● **Activity**
Once the pictures are set aside, transcribe the remaining data exactly.

● **Supplied material**
***

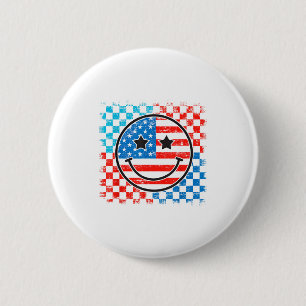 Badge Rond 5 Cm Visage Sourire à Carreaux Rouge Blanc Bleu États-U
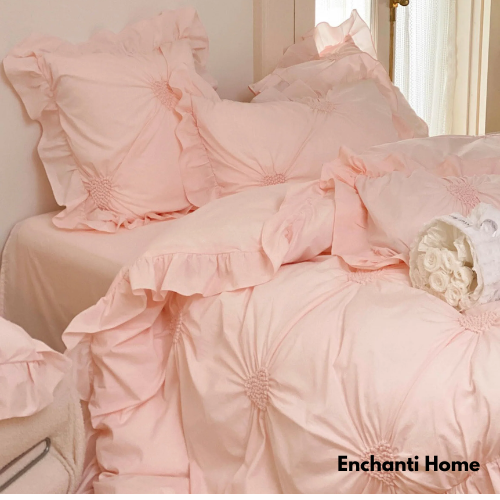 Embroidered Heart Ruffle Bedding Set / Charming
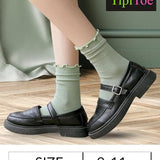 Black/ White/ Gray Turn-Cuff Ruffle Socks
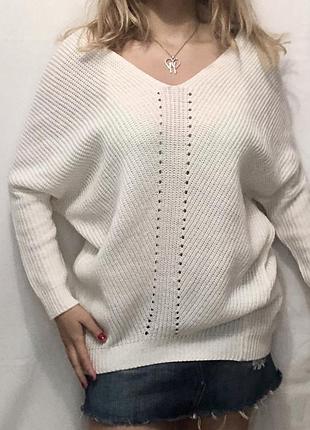 Винтажный вязанный бохо оверсайз свитер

***

● **Response area**
 Badge Rond 5 Cm Visage Sourire à Carreaux Rouge Blanc Bleu États-U
 Embroidered Heart Ruffle Bedding Set / Charming
 Black/ White/ Gray Turn-Cuff Ruffle Socks
 Винтажный вязанный бохо оверсайз свитер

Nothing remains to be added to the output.